### [Task to complete]
Please keep to the lines below from the one with "Bright yellow and" through the one with "Nalepovací háček s", and restate them word for word, ends included.

### [Information shown]
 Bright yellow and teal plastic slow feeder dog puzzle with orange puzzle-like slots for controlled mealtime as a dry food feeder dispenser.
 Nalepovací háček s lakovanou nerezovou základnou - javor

--

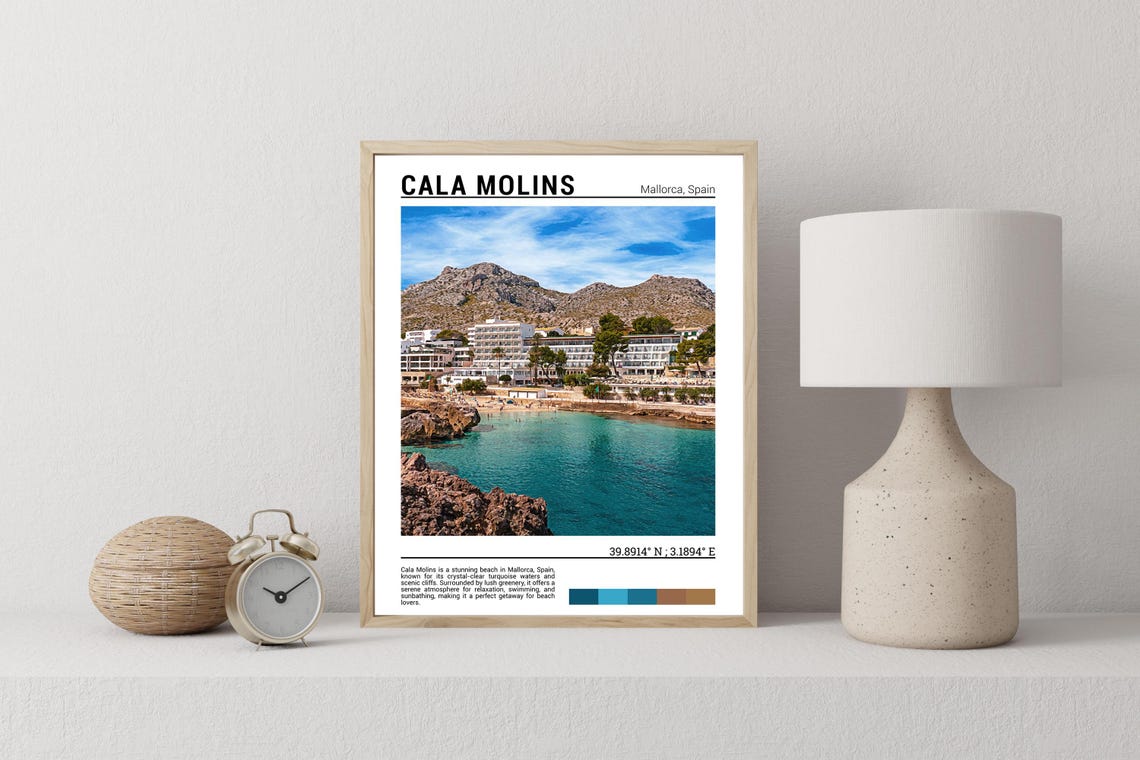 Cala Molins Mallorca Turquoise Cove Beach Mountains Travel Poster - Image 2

---

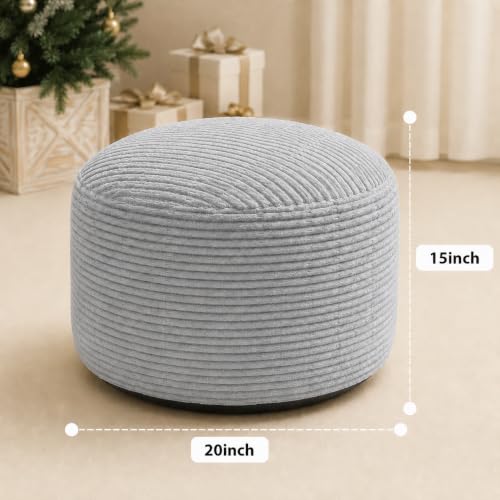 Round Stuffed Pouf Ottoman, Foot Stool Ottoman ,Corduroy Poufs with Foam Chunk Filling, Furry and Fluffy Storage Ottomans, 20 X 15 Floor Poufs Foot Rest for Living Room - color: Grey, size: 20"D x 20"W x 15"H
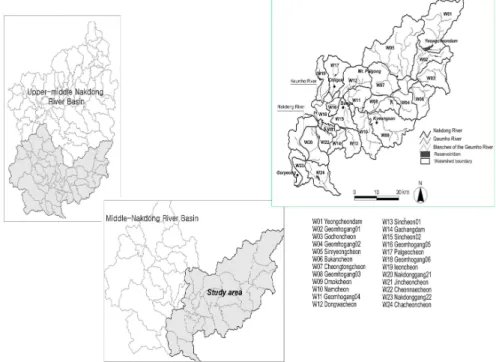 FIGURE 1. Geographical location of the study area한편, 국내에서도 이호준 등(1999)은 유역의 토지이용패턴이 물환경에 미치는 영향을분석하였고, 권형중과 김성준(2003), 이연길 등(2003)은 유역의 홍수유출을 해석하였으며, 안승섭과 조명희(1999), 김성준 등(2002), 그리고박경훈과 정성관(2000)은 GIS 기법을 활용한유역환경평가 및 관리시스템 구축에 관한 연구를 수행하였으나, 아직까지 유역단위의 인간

### [Answer section]
 Bright yellow and teal plastic slow feeder dog puzzle with orange puzzle-like slots for controlled mealtime as a dry food feeder dispenser.
 Nalepovací háček s lakovanou nerezovou základnou - javor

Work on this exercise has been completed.